▶ TRY IT
The response should consist of the data reproduced word for word.
========================
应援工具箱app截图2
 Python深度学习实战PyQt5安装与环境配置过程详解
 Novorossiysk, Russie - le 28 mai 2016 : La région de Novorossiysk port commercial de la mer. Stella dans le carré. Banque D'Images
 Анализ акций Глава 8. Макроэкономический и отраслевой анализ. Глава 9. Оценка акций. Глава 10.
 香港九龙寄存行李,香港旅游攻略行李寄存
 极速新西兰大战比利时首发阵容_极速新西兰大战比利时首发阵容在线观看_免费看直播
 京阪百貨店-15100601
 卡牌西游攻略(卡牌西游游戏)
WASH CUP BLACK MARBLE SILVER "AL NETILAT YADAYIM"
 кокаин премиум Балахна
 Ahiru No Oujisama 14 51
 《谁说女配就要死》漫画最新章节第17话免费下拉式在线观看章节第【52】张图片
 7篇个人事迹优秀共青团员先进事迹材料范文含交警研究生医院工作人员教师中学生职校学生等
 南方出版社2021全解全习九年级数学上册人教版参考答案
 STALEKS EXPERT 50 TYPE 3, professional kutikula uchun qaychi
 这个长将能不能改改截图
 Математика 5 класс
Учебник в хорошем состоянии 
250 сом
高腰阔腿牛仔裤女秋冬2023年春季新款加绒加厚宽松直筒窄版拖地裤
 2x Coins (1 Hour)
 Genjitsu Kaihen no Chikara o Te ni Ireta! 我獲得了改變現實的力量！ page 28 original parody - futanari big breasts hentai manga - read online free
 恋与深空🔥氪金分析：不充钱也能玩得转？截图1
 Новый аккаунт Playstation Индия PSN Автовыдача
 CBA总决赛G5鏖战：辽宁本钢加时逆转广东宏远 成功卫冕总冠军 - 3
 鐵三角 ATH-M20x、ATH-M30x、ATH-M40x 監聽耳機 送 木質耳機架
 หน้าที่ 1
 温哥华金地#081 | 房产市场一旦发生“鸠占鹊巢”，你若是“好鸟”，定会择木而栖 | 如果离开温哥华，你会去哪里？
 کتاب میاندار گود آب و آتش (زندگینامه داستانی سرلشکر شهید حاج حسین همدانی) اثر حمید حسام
========================
▶ REPLY TO THE TASK
应援工具箱app截图2
 Python深度学习实战PyQt5安装与环境配置过程详解
 Novorossiysk, Russie - le 28 mai 2016 : La région de Novorossiysk port commercial de la mer. Stella dans le carré. Banque D'Images
 Анализ акций Глава 8. Макроэкономический и отраслевой анализ. Глава 9. Оценка акций. Глава 10.
 香港九龙寄存行李,香港旅游攻略行李寄存
 极速新西兰大战比利时首发阵容_极速新西兰大战比利时首发阵容在线观看_免费看直播
 京阪百貨店-15100601
 卡牌西游攻略(卡牌西游游戏)
WASH CUP BLACK MARBLE SILVER "AL NETILAT YADAYIM"
 кокаин премиум Балахна
 Ahiru No Oujisama 14 51
 《谁说女配就要死》漫画最新章节第17话免费下拉式在线观看章节第【52】张图片
 7篇个人事迹优秀共青团员先进事迹材料范文含交警研究生医院工作人员教师中学生职校学生等
 南方出版社2021全解全习九年级数学上册人教版参考答案
 STALEKS EXPERT 50 TYPE 3, professional kutikula uchun qaychi
 这个长将能不能改改截图
 Математика 5 класс
Учебник в хорошем состоянии 
250 сом
高腰阔腿牛仔裤女秋冬2023年春季新款加绒加厚宽松直筒窄版拖地裤
 2x Coins (1 Hour)
 Genjitsu Kaihen no Chikara o Te ni Ireta! 我獲得了改變現實的力量！ page 28 original parody - futanari big breasts hentai manga - read online free
 恋与深空🔥氪金分析：不充钱也能玩得转？截图1
 Новый аккаунт Playstation Индия PSN Автовыдача
 CBA总决赛G5鏖战：辽宁本钢加时逆转广东宏远 成功卫冕总冠军 - 3
 鐵三角 ATH-M20x、ATH-M30x、ATH-M40x 監聽耳機 送 木質耳機架
 หน้าที่ 1
 温哥华金地#081 | 房产市场一旦发生“鸠占鹊巢”，你若是“好鸟”，定会择木而栖 | 如果离开温哥华，你会去哪里？
 کتاب میاندار گود آب و آتش (زندگینامه داستانی سرلشکر شهید حاج حسین همدانی) اثر حمید حسام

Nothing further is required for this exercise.